简体   繁体   中英

Using Python's QtWebkit to render Javascript-based page, get QThread: Destroyed while thread is still running

I'm trying to write a Beautifulsoup crawler for a web page that's loaded via JavaScript, which Beautifulsoup can't parse. To work around this, I followed this tutorial on rendering the page with QtWebkit before extracting all of the hrefs in the page from the resulting HTML with Beautifulsoup.

However, the page scraping is very large, and before it has finished getting these links it throws the error "QThread: Destroyed while thread is still running". Numerous people have posted questions about this error and received answers, however these were all for much more complex projects that had PyQT at the core of the application, so these responses assume familiarity with the library and I'm having real trouble trying to apply them to my case.

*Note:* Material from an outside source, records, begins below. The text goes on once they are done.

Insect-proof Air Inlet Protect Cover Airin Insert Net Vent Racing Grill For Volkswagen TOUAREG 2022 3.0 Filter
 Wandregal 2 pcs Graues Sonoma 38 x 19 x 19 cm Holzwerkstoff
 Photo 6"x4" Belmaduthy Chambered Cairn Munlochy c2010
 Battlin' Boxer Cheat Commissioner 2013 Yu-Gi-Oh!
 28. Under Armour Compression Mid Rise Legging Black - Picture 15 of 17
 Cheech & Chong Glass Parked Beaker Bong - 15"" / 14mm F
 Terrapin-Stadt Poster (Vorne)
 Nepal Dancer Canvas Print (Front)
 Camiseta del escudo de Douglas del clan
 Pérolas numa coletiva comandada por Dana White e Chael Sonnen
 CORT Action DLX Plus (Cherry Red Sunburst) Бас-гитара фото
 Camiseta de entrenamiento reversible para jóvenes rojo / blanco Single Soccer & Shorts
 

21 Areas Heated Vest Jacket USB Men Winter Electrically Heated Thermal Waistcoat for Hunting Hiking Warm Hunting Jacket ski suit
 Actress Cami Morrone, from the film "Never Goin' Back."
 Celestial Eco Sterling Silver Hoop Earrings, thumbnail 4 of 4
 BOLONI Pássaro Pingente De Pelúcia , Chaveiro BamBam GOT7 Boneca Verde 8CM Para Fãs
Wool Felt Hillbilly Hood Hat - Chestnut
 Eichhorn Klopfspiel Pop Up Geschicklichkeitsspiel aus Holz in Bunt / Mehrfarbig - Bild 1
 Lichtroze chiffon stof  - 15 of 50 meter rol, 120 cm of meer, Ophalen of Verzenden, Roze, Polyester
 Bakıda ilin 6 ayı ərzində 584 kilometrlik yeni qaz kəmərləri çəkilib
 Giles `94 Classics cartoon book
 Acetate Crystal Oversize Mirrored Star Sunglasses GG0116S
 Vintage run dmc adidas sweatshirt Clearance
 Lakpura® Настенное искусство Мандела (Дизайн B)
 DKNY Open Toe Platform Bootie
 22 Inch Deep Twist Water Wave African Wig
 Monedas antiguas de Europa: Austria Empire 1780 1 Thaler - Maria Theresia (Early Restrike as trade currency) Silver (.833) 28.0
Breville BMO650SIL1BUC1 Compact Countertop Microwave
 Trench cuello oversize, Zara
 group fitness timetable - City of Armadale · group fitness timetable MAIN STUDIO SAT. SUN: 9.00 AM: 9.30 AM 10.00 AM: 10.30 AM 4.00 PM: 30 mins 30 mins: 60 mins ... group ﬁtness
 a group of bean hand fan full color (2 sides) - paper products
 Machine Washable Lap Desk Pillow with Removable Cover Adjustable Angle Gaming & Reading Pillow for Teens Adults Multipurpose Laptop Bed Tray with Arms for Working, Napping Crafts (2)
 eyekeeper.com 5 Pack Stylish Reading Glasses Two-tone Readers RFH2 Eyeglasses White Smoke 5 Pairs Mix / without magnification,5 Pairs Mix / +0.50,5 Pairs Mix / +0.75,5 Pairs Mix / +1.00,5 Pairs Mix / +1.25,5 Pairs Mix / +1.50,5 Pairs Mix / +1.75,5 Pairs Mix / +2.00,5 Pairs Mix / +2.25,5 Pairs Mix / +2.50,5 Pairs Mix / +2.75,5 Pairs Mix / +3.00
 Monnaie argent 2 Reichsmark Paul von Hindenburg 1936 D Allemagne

It seems like I need to keep the thread from being garbage collected by saving it in a variable, but the correct way to do this eludes me.

Here is my code:

import sys
from PyQt4.QtGui import *  
from PyQt4.QtCore import *  
from PyQt4.QtWebKit import *  
from bs4 import BeautifulSoup

class Render(QWebPage):  
  def __init__(self, url):  
    self.app = QApplication(sys.argv)  
    QWebPage.__init__(self)

    self.loadFinished.connect(self._loadFinished)  
    self.mainFrame().load(QUrl(url))  
    self.app.exec_()  

  def _loadFinished(self, result):  
    self.frame = self.mainFrame()  
    self.app.quit()  

url = 'http://www.lolesports.com/en_US/msi/msi_2016/schedule/default'  
r = Render(url)  
result = r.frame.toHtml()

soup = BeautifulSoup(result, "html.parser")
for link in soup.find_all('a'):
    print(link.get('href'))

There is nothing obviously wrong with the script, and apart from a few harmless Qt warning messages, it seems to work more or less as expected.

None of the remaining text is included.